Pour compenser l’énergie du laser, plus faible que celle du Laser Mégajoule, le principe appliqué dans les expériences repose sur le choc laser confiné qui est présenté sur la figure 3. Une impulsion laser de durée égale à quelques nanosecondes avec une énergie allant de quelques millijoules à plusieurs centaines de joules est concentrée à la surface d’un matériau. Si l’énergie déposée est suffisante, un plasma se forme et se propage vers l’arrière dans l’air.
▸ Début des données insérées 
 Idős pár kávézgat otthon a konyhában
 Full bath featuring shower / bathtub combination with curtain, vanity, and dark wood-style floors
En réponse à ce phénomène, dit effet fusée, une onde de choc s’établit et se propage dans le matériau ; la quantité de mouvement produite n’est cependant pas suffisante dans ce cas. Afin d’augmenter l’effet, on recouvre la surface du pendule d’un polymère transparent au rayonnement laser. Le polymère empêche le plasma formé de se dissiper dans l’air en le confinant à la surface de la cible (figure 3[2], ce qui a pour effet d’accroître d’un facteur 100 la pression de l’onde de choc produite et d’augmenter sa durée d’application.
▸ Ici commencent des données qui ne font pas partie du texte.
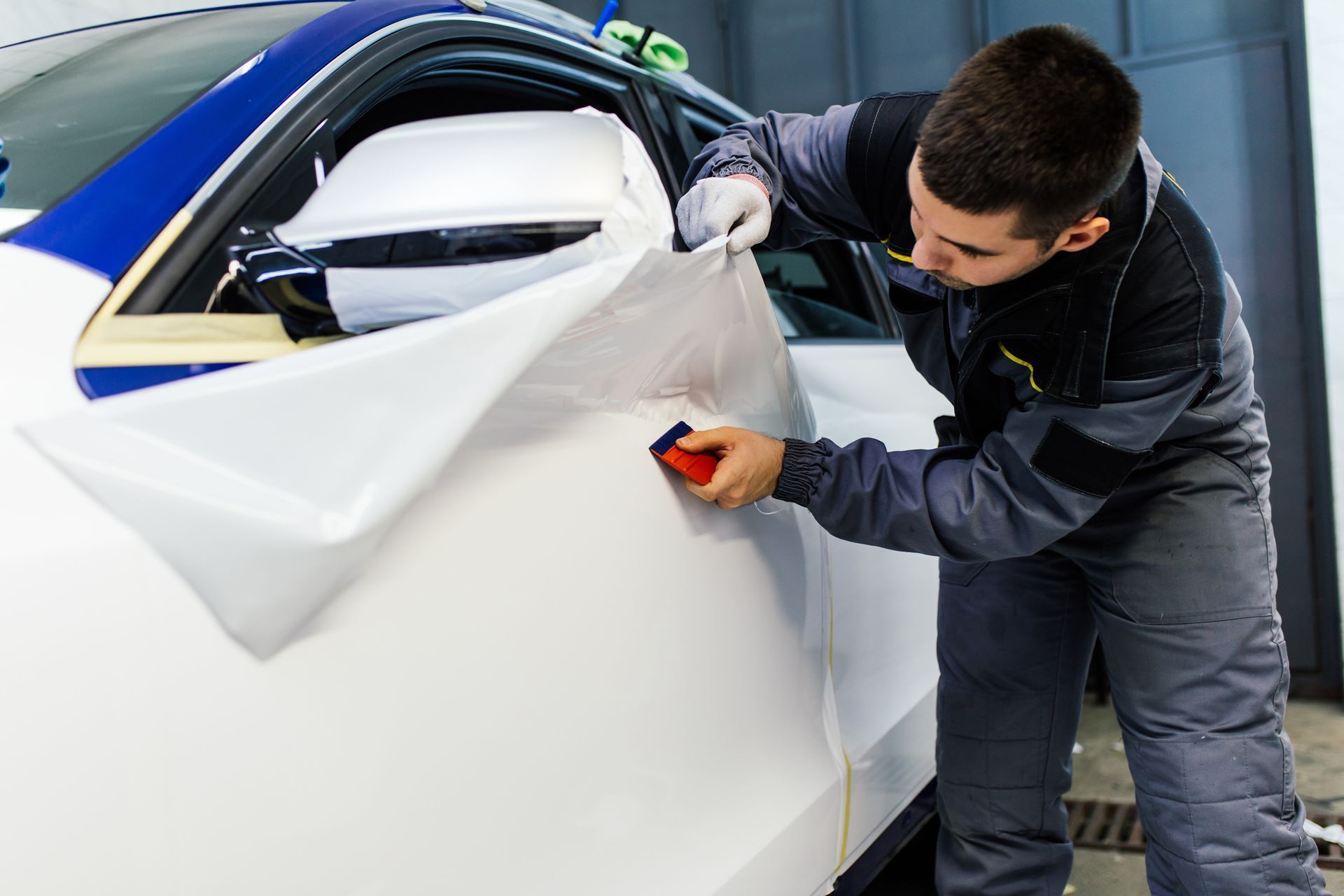 A person in a work suit applies white vinyl wrap to a car door in a garage, using a squeegee.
Les expériences sur la plateforme Hera ont ainsi montré des valeurs de la quantité de mouvement transmise à la cible proches de celles constatées auprès du Laser Mégajoule [1]. Cela permet ainsi d’envisager l’utilisation de cette technique pour étudier le vieillissement du porte-cible du Laser Mégajoule au fur et à mesure des expériences réalisées et de valider les pièces susceptibles d’y être intégrées ultérieurement.

C. Le Bras, E. Lescoute, J.-M. Chevalier, G. Boutoux, D. Hébert CEA - DAM, centre du Cesta

figure 2

[a] Schéma de l’expérience sur laquelle est positionné (à gauche) un pendule dont on connaît les caractéristiques mécaniques (dimensions, masse, etc.). Le laser (en rouge) est focalisé par une lentille jusqu’à la cible portée par ce pendule. [b] Images de la surface de la cible lors du tir laser montrant la création du plasma puis sa propagation dans l’air.

figure 1

[a] Photographie de la chambre d’expériences de dix mètres de diamètre, la partie située à l’intérieur de la chambre du bras robotisé constituant le porte-cible est visible. [b] Zoom sur l’extrémité du porte-cible qui maintient les cibles des expériences de fusion nucléaire (voir aussi les photos dans l’article « Laser Mégajoule : succès de la première expérience de fusion »). Différentes pièces du porte-cible doivent être choisies et dimensionnées pour encaisser au mieux des contraintes mécaniques sévères occasionnées par l’absorption de l’énergie laser dans la cible.

figure 3

Schéma de principe du choc laser sur un matériau servant de cible. Ici, le laser est focalisé à la surface de la cible pour créer un plasma et produire une onde de choc qui se propage dans le matériau. Pour confiner le plasma, un polymère est déposé sur la surface de la cible. Le polymère bloque l’expansion du plasma et a pour effet d’augmenter la pression produite ainsi que sa durée d’application. Avec ce confinement, la mise en mouvement de la cible est maximisée : sa quantité de mouvement se rapproche des valeurs typiques observées sur certains composants du porte-cible du Laser Mégajoule.

références

1

C. Le Bras, E. Lescoute, J.-M. Chevalier, G. Boutoux, D. Hébert « Impulse coupling enhancement of aluminum targets under laser irradiation in a soft polymer confined geometry », Journal of Applied Physics, 136 (11), 115106, doi:10.1063/5.0225973 (2024).

2

N. C. Anderholm « Laser-generated stress waves », Applied Physics Letters, 16 (3), p. 113-115 (1970).